Regardless, the fundamental problem with your argument besides trying to prop up a poor definition of 'job' is that you're conflating needing any job with needing a particular job. Lots of people are doing the job they want to be doing. Lots of people have other choices.
> Quite frankly, I see people with your attitude as the real bad ones to work for. Expecting people to have a work ethic beyond what you pay them for, or to pretend to be passionate about whatever you're selling, these are the real red flags you should look out for when applying to a job. Not someone expecting you to do what you're told. I am exchanging my labour for money, and I think both parties understanding that is the bedrock of good professional relationship.
We definitely do not have the same definition of 'work ethic' if this is what you took from my words.
This is a lovely anecdote, but practically speaking most people do not have such enjoyable jobs.

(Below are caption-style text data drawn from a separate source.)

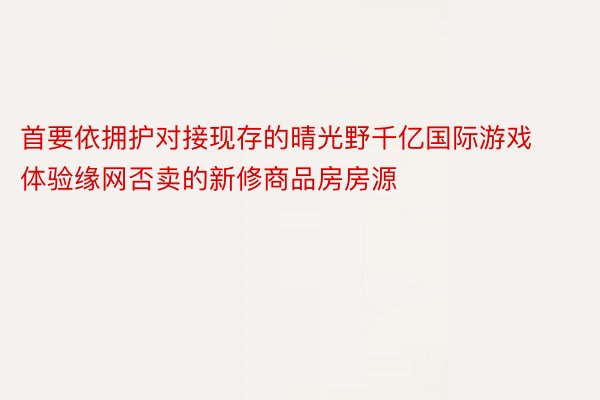 首要依拥护对接现存的晴光野千亿国际游戏体验缘网否卖的新修商品房房源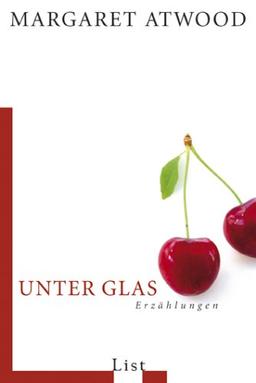 Unter Glas: Erzählungen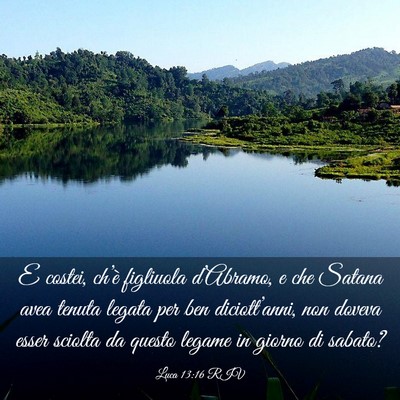 Picture 03 - Luca 13:16 RIV - E costei, ch’è figliuola d’Abramo, e che - Bible Verse Picture
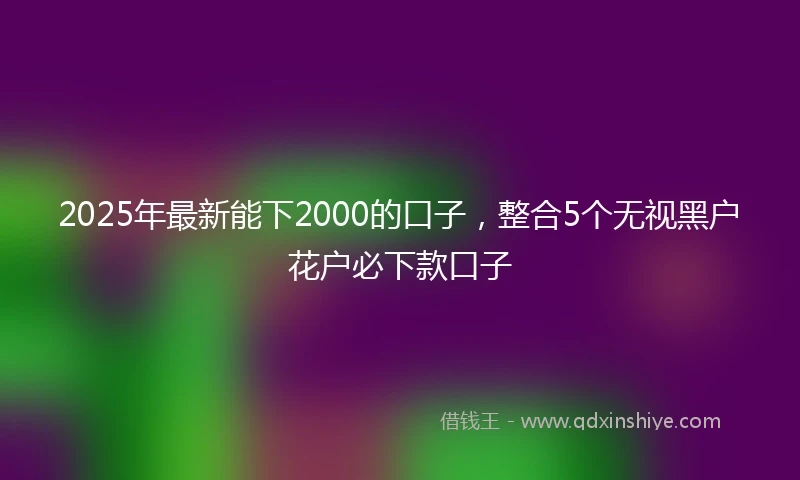 2025年最新能下2000的口子，整合5个无视黑户花户必下款口子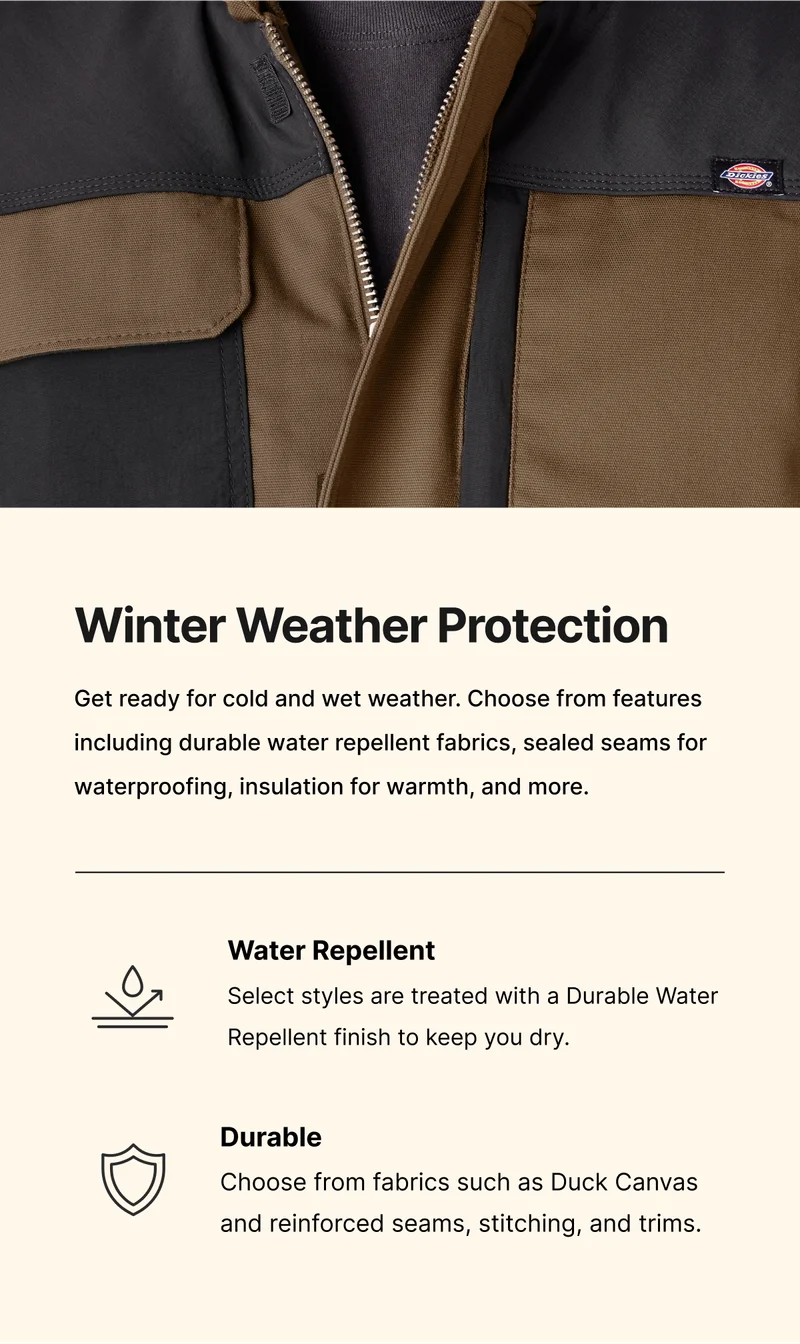 Winter Weather Protection. Get ready for cold and wet weather. Choose from features including durable water repellent fabrics, sealed seams for waterproofing, insulation for warmth, and more. Water Repellent - Select styles are treated with a Durable Water Repellent finish to keep you dry. Durable - Choose from fabrics such as Duck Canvas and reinforced seams, stitching, and trims.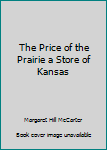 Hardcover The Price of the Prairie a Store of Kansas Book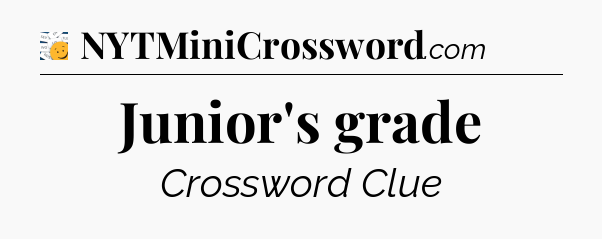 Junior's grade - 7 Little Words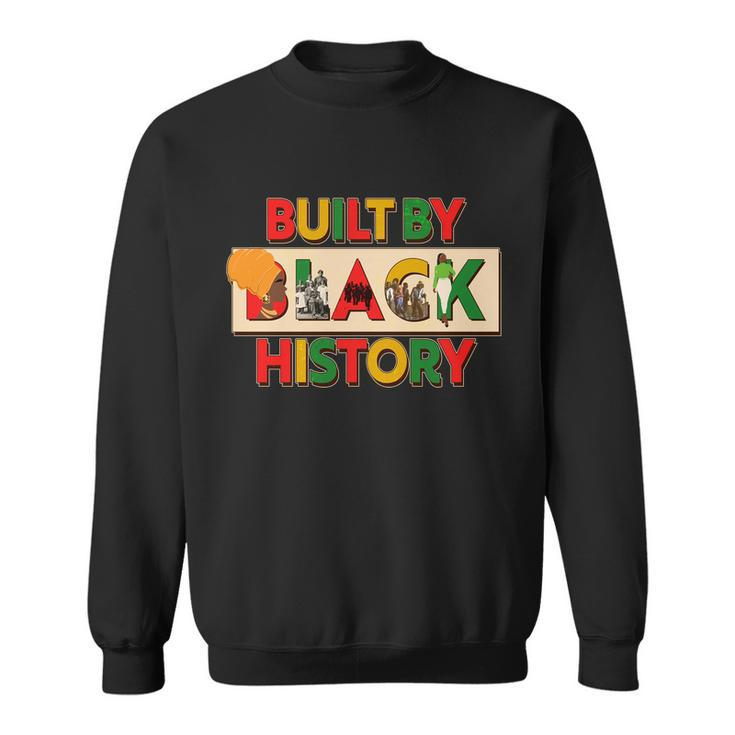 Built By Black History - Black History Month Sweatshirt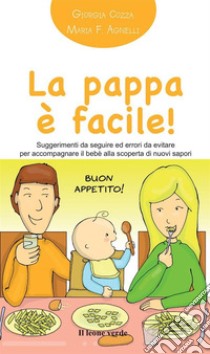 La pappa è facile! Suggerimenti da seguire ed errori da evitare per accompagnare il bebè alla scoperta di nuovi sapori libro di Cozza Giorgia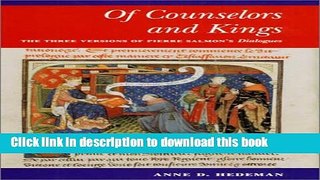 Read Of Counselors and Kings: The Three Versions of Pierre Salmon s Dialogues (Illinois Medieval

The world needs septic tank specialists and web developers and telephone sanitisers and accountants. Most of the things that need doing aren't all that desirable to do on their own. This is not to say that you can't take joy in doing them anyway, after all one must imagine Sisyphus happy, but merely that given ultimate choice, most people would not choose their current working arrangement. For instance within the field of programming, most people probably have something else they'd rather work on than what they do for living. Your millionaire waitress probably wouldn't want to work behind the fryer at MacDonalds.
> We definitely do not have the same definition of 'work ethic' if this is what you took from my words.
Clearly. In my view, work ethic is unrelated to enjoyment of your job. Someone with a good work ethic would be willing to do jobs that they don't enjoy, and would complete them at a similar standard to the work they do enjoy. It's easy to have a good work ethic when doing something you want to do; the real test of it is the things you don't want to do.
You are following that up by, I guess, trying to convince me that I should ignore my experiences in favor of your reductive arguments that are based largely on definitions that I don’t agree on in the first place.
What are we even doing here?
What you experience internally is not evidence of what “the real world” is actually like. You may very well have an amazing work ethic and view your jobs as strictly transactional (and that’s irrespective of enjoyment which is reductive of the many reasons people want to do their jobs). Honestly, I believe that about you. But that internal view is far from universal regardless of work ethic.
I understand you’ve convinced yourself that the UBI and other hypotheticals are proof but they’re only proof if you’re already subscribed to those reductive views. “Wants” don’t work that way and if they did we’d be able to reduce them further and say that people do want to do their jobs evidenced by the fact that they do them.